[Source records]

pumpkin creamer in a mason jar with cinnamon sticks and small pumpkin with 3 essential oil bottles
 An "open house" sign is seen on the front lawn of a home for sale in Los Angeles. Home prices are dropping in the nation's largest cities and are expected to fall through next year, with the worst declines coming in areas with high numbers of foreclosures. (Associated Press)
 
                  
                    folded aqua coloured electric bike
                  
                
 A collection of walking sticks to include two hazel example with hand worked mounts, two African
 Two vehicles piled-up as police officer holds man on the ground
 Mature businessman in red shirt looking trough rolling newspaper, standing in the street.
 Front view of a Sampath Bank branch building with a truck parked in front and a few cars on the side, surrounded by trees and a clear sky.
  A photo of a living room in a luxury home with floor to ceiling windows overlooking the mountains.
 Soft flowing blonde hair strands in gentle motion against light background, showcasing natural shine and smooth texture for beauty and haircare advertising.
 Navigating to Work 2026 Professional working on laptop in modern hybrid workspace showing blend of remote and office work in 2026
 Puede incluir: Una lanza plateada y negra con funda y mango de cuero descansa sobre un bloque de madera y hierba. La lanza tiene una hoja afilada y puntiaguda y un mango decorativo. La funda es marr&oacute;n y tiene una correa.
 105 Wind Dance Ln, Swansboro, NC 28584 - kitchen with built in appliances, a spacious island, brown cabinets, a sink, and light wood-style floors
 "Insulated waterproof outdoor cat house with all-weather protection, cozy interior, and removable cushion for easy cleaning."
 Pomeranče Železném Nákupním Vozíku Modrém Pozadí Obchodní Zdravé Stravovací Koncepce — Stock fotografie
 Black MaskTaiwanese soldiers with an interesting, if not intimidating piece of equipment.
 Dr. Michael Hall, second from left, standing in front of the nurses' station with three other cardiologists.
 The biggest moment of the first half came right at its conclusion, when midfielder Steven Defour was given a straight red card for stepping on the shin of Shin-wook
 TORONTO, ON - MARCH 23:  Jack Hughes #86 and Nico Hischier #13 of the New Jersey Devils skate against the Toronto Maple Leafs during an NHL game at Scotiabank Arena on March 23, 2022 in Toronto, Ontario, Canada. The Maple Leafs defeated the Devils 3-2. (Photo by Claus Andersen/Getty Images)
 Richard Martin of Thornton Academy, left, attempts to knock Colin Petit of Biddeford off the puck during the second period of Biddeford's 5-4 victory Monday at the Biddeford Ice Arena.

EXERCISE BRIEF
Copy out all the entries exactly once more.

EXERCISE RESULT
pumpkin creamer in a mason jar with cinnamon sticks and small pumpkin with 3 essential oil bottles
 An "open house" sign is seen on the front lawn of a home for sale in Los Angeles. Home prices are dropping in the nation's largest cities and are expected to fall through next year, with the worst declines coming in areas with high numbers of foreclosures. (Associated Press)
 
                  
                    folded aqua coloured electric bike
                  
                
 A collection of walking sticks to include two hazel example with hand worked mounts, two African
 Two vehicles piled-up as police officer holds man on the ground
 Mature businessman in red shirt looking trough rolling newspaper, standing in the street.
 Front view of a Sampath Bank branch building with a truck parked in front and a few cars on the side, surrounded by trees and a clear sky.
  A photo of a living room in a luxury home with floor to ceiling windows overlooking the mountains.
 Soft flowing blonde hair strands in gentle motion against light background, showcasing natural shine and smooth texture for beauty and haircare advertising.
 Navigating to Work 2026 Professional working on laptop in modern hybrid workspace showing blend of remote and office work in 2026
 Puede incluir: Una lanza plateada y negra con funda y mango de cuero descansa sobre un bloque de madera y hierba. La lanza tiene una hoja afilada y puntiaguda y un mango decorativo. La funda es marr&oacute;n y tiene una correa.
 105 Wind Dance Ln, Swansboro, NC 28584 - kitchen with built in appliances, a spacious island, brown cabinets, a sink, and light wood-style floors
 "Insulated waterproof outdoor cat house with all-weather protection, cozy interior, and removable cushion for easy cleaning."
 Pomeranče Železném Nákupním Vozíku Modrém Pozadí Obchodní Zdravé Stravovací Koncepce — Stock fotografie
 Black MaskTaiwanese soldiers with an interesting, if not intimidating piece of equipment.
 Dr. Michael Hall, second from left, standing in front of the nurses' station with three other cardiologists.
 The biggest moment of the first half came right at its conclusion, when midfielder Steven Defour was given a straight red card for stepping on the shin of Shin-wook
 TORONTO, ON - MARCH 23:  Jack Hughes #86 and Nico Hischier #13 of the New Jersey Devils skate against the Toronto Maple Leafs during an NHL game at Scotiabank Arena on March 23, 2022 in Toronto, Ontario, Canada. The Maple Leafs defeated the Devils 3-2. (Photo by Claus Andersen/Getty Images)
 Richard Martin of Thornton Academy, left, attempts to knock Colin Petit of Biddeford off the puck during the second period of Biddeford's 5-4 victory Monday at the Biddeford Ice Arena.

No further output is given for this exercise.